A compound microscope has a barrel whose length is 17.4 cm and an eyepiece whose focal length is 1.7 cm. The viewer has a near point located 25 cm from his eyes. What focal length must the objective have so the angular magnification of the microscope is -330?
To find the focal length of the objective of the compound microscope, we can use the formula for angular magnification:
\(M = - \frac{D_{o}}{D_{e}}\)
Where:
M = Angular magnification
\(D_{o}\) = Distance between the objective lens and the image
\(D_{e}\) = Distance between the viewer's eyes and the image
In this case, we are given:
\(M = -330\)
\(D_{e} = 25\) cm
\(D_{o} = L - D_{e}\)
Where L is the total length of the microscope, which is the sum of the barrel length and the focal length of the eyepiece.
To find the focal length of the objective, we need to solve for \(D_{o}\) and substitute the given values into the formula.
Step 1: Find L
\(L = \text{barrel length} + \text{focal length of eyepiece}\)
\(L = 17.4 \, \text{cm} + 1.7 \, \text{cm}\)
\(L = 19.1 \, \text{cm}\)
Step 2: Find \(D_{o}\)
\(D_{o} = L - D_{e}\)
\(D_{o} = 19.1 \, \text{cm} - 25 \, \text{cm}\)
\(D_{o} = -5.9 \, \text{cm}\)
Step 3: Substitute the values into the formula for angular magnification
\(M = - \frac{D_{o}}{D_{e}}\)
\(-330 = - \frac{-5.9 \, \text{cm}}{25 \, \text{cm}}\) (Note: We use the negative value for \(D_{o}\) as stated in the problem statement.)

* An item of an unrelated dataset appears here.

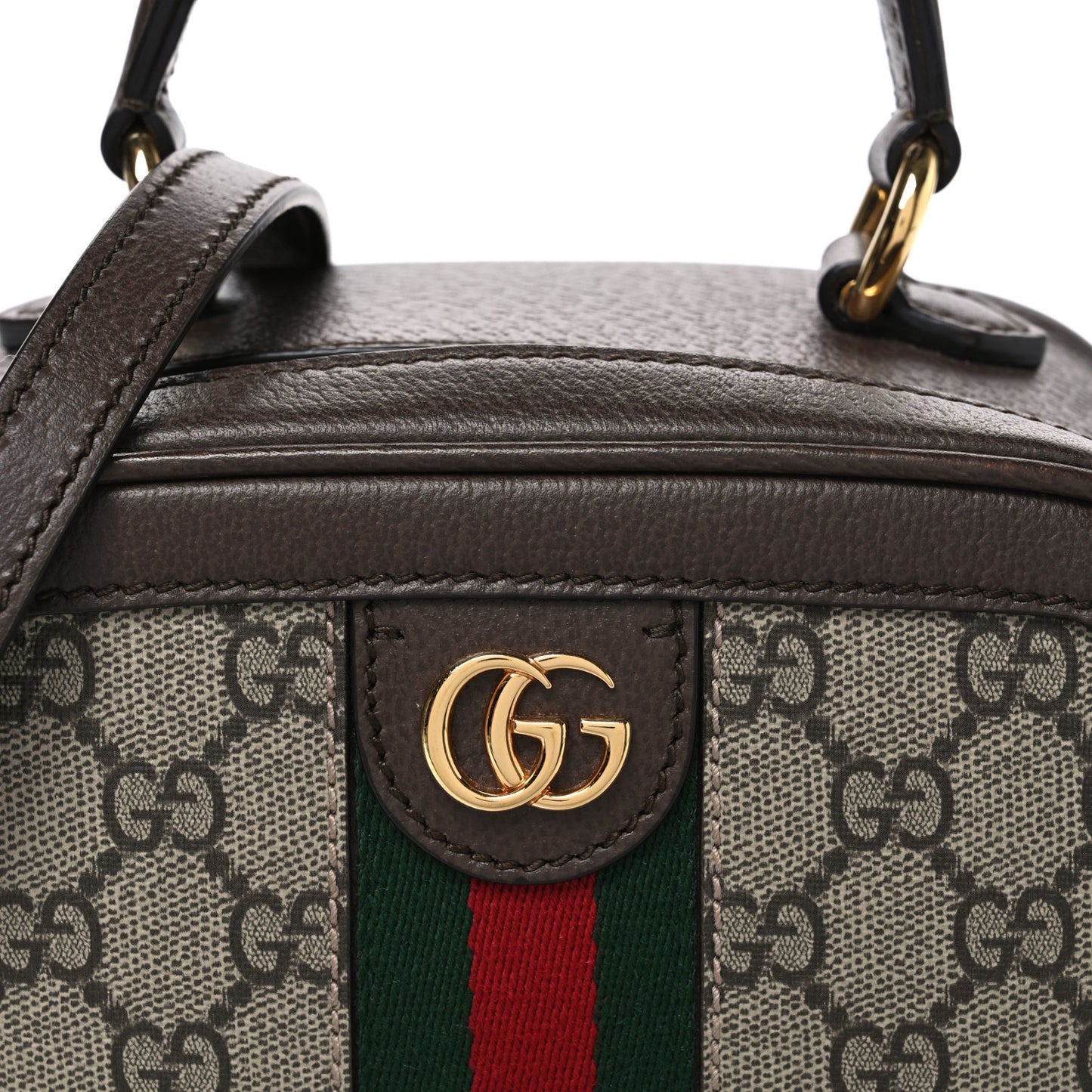 GG Supreme Monogram Textured Dollar Calfskin Mini Ophidia Top Handle Square Shoulder Bag Beige Ebony New Acero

\(-330 = 0.236\, \text{(approximately)}\)
Rearranging the formula to solve for \(D_{o}\) gives:
\(D_{o} = -330 \times D_{e}\)
\(D_{o} = -330 \times 25 \, \text{cm}\)
\(D_{o} = -8250 \, \text{cm}\)
Now, we can find the focal length of the objective using \(D_{o}\):
\(D_{o} = f_{o} - L\)
Rearranging this formula to solve for \(f_{o}\) gives:
\(f_{o} = D_{o} + L\)
\(f_{o} = -8250 \, \text{cm} + 19.1 \, \text{cm}\)
\(f_{o} = -8230.9 \, \text{cm}\)
So, the focal length of the objective must be approximately -8230.9 cm for the angular magnification of the microscope to be -330.